M.-A. Lemburg wrote:
>Ok, point taken, would cause a lot of overhead though...
Absolutely. But we're having a theoretical discussion anyway, trying not to
think too much about actual implementation...
>> Or one that does, but that one might be implemented using a
>> meta protocol which doesn't do inheritance.
M.-A. Lemburg wrote:
>Right. I just find it a little confusing searching for the
>meta object (implementing the object's behaviour) in
>obj.__class__.__class__ because that reminds me too much of
>how Instances and Classes relate to each other.
Well, in the (maybe: "my") meta sense they are the same: a class is an
instance of a metaclass. But in the Python sense they are indeed very
different: getting a function attribute from a Python instance may look
inside it's __class__ and return a bound method, while getting a function
attribute from a class will always return an unbound method and never even
searches class.__class__. This is exactly the kind of behavior that one
would like to express as some sort of metathingy or turtle, and therefore
only serves as an _example_ of what you could do with a meta protocol. If
we want to be able to express these things, we should try to forget how
current Python object semantics are and come up with something _simple_
that is above it all. Or something.
>The meta protocol could very well also be used for other objects
>types which don't rely on underlying Classes. Coming to think
>of it... these __meta__ object have a lot in common with the
>type objects: only that type objects are a symbiosis of behaviour
>*and* implementation. Maybe there's a possibility there...

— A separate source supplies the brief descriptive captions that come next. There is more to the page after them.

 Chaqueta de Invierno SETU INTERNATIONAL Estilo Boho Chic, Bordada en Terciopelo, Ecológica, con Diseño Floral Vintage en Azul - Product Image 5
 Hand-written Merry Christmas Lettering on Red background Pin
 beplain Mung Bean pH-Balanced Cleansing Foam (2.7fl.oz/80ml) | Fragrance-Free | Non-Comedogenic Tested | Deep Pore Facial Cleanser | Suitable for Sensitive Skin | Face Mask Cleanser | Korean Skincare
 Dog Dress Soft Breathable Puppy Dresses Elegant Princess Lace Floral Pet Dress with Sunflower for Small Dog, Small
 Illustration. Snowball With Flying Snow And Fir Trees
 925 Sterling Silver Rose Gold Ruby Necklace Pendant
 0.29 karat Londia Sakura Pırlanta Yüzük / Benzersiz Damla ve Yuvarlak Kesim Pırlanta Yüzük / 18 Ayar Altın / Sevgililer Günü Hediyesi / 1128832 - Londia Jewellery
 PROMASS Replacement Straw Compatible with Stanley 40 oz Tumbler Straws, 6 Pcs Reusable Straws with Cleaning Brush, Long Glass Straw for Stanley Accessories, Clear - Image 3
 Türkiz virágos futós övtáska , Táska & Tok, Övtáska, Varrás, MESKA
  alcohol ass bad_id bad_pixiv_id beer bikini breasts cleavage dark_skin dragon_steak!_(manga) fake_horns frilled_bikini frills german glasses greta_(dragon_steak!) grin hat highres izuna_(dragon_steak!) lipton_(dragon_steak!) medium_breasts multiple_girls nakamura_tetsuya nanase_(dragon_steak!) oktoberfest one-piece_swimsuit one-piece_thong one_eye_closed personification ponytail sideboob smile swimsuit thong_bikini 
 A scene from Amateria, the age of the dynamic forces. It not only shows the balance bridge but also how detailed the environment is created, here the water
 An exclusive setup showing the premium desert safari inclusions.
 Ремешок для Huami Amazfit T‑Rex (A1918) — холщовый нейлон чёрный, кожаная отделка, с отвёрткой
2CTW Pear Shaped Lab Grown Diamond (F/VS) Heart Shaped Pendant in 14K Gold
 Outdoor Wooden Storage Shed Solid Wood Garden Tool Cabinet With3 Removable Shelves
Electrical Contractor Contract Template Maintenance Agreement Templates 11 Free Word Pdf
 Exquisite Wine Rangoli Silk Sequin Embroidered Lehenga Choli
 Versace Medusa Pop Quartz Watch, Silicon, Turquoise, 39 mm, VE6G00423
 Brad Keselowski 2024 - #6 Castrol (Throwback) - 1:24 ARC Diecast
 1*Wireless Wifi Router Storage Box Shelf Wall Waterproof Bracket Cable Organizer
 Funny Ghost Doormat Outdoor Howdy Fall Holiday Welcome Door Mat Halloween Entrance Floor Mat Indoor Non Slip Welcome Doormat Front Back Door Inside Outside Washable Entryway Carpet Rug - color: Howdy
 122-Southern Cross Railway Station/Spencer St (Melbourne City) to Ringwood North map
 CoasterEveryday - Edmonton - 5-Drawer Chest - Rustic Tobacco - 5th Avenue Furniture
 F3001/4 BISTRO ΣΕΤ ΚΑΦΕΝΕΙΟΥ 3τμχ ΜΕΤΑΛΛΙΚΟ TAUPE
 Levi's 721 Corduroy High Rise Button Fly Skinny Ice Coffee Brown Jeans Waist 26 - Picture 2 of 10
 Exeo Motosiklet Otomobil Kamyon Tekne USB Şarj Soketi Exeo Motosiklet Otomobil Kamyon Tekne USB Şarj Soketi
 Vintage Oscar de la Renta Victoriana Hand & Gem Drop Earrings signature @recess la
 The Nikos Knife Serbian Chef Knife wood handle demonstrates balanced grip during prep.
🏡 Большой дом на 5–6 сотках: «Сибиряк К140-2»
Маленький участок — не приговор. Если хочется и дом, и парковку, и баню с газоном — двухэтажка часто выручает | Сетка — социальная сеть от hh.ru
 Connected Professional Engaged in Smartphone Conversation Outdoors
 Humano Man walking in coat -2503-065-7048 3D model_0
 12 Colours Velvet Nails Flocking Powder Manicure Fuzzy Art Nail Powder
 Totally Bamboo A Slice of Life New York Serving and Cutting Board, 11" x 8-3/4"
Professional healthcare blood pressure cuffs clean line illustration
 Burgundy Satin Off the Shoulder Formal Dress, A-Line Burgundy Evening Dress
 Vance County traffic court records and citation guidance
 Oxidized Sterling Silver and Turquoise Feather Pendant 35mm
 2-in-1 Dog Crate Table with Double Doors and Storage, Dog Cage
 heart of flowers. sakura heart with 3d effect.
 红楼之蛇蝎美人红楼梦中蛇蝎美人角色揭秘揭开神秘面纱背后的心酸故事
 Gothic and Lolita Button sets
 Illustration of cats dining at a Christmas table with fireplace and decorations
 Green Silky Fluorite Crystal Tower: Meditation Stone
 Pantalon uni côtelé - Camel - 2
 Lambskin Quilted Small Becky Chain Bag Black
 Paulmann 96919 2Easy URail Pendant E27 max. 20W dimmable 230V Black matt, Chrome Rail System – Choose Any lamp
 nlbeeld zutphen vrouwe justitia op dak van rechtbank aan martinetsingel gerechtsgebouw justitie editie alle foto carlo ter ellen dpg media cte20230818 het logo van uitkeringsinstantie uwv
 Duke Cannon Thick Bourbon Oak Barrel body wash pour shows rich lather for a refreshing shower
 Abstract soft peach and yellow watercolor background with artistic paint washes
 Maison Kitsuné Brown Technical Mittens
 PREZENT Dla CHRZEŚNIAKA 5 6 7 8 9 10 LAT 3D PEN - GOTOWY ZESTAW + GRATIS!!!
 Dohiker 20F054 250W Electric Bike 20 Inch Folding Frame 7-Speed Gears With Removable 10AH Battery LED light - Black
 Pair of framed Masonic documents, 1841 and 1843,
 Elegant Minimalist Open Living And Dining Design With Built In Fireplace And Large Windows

And we're really back to square one: types *and* classes...
>Also, it could allow changing the behaviour by reassigning a new
>meta object to obj.__meta__ on a per object basis.
Yeah, maybe that's cool. But then again: types *and* classes...
>And last, not least, it avoids one level of indirection
>in the implementation (though this could probably be simulated
>by caching __class__.__class__ into the __meta__ attribute).
Right: implementation details!
>> but this was a (veryveryvery*very* minor) point where today's
>> Python implementation let me down...
>I wouldn't be afraid of thinking big: a rewrite of some of the
>stuff in classobject.c wouldn't hurt much and there's still a
>lot of time 'til 1.6 comes out ;-)
I don't think that's worth it: this is all just a thought experiment, and I
think we get a long way implementing all sorts of experiments using the
simple hooks we have. Once one of these experiments is successful, it can
start having it's influence on classobject.c. And I truly think that's a
matter of 2.0.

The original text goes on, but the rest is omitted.